**Work item**
Among the records below, find the line that has "레져마트 - 다양한 낚시 용품 만나다 #쇼핑몰"; from there, give the lines again exactly, and stop after the line that has "Cannafood конопля Grisha Yeager".

##### Recorded data

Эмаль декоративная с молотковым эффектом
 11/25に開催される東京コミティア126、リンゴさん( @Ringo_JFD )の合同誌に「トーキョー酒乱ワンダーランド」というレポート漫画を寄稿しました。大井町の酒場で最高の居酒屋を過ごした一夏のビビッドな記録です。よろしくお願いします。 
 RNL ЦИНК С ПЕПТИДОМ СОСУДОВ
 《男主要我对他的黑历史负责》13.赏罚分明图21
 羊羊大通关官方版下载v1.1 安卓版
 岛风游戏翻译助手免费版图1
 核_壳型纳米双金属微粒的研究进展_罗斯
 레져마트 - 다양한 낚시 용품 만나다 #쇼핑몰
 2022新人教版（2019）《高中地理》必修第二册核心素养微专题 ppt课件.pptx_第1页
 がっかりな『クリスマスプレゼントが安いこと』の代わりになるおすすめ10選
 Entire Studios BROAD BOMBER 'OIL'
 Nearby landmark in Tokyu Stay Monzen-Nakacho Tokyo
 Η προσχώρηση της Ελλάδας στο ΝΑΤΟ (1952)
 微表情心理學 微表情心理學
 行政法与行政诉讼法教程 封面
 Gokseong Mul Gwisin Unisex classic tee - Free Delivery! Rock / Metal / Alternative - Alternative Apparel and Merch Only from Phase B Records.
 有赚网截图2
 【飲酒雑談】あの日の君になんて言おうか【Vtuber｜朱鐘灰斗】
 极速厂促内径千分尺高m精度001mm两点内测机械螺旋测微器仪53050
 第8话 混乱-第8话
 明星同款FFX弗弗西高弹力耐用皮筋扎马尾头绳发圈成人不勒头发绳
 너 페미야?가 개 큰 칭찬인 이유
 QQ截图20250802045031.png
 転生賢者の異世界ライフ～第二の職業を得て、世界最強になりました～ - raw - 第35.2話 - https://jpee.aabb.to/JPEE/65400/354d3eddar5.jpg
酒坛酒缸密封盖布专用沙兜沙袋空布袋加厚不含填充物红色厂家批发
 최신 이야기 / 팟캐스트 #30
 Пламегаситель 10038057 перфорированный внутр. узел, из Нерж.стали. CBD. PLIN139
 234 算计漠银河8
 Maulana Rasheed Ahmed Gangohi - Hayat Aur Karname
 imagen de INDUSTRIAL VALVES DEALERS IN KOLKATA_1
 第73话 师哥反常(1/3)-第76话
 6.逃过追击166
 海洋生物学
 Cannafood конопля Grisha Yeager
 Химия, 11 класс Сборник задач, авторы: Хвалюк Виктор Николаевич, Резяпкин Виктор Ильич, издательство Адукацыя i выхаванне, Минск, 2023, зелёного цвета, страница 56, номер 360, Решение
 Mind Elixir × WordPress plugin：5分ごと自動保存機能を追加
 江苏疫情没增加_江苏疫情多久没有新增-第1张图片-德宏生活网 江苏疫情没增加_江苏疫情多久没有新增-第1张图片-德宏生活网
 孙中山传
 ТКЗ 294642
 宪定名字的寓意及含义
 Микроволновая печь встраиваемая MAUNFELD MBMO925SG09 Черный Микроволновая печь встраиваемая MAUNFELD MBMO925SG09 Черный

##########

**Reply to the task**
 레져마트 - 다양한 낚시 용품 만나다 #쇼핑몰
 2022新人教版（2019）《高中地理》必修第二册核心素养微专题 ppt课件.pptx_第1页
 がっかりな『クリスマスプレゼントが安いこと』の代わりになるおすすめ10選
 Entire Studios BROAD BOMBER 'OIL'
 Nearby landmark in Tokyu Stay Monzen-Nakacho Tokyo
 Η προσχώρηση της Ελλάδας στο ΝΑΤΟ (1952)
 微表情心理學 微表情心理學
 行政法与行政诉讼法教程 封面
 Gokseong Mul Gwisin Unisex classic tee - Free Delivery! Rock / Metal / Alternative - Alternative Apparel and Merch Only from Phase B Records.
 有赚网截图2
 【飲酒雑談】あの日の君になんて言おうか【Vtuber｜朱鐘灰斗】
 极速厂促内径千分尺高m精度001mm两点内测机械螺旋测微器仪53050
 第8话 混乱-第8话
 明星同款FFX弗弗西高弹力耐用皮筋扎马尾头绳发圈成人不勒头发绳
 너 페미야?가 개 큰 칭찬인 이유
 QQ截图20250802045031.png
 転生賢者の異世界ライフ～第二の職業を得て、世界最強になりました～ - raw - 第35.2話 - https://jpee.aabb.to/JPEE/65400/354d3eddar5.jpg
酒坛酒缸密封盖布专用沙兜沙袋空布袋加厚不含填充物红色厂家批发
 최신 이야기 / 팟캐스트 #30
 Пламегаситель 10038057 перфорированный внутр. узел, из Нерж.стали. CBD. PLIN139
 234 算计漠银河8
 Maulana Rasheed Ahmed Gangohi - Hayat Aur Karname
 imagen de INDUSTRIAL VALVES DEALERS IN KOLKATA_1
 第73话 师哥反常(1/3)-第76话
 6.逃过追击166
 海洋生物学
 Cannafood конопля Grisha Yeager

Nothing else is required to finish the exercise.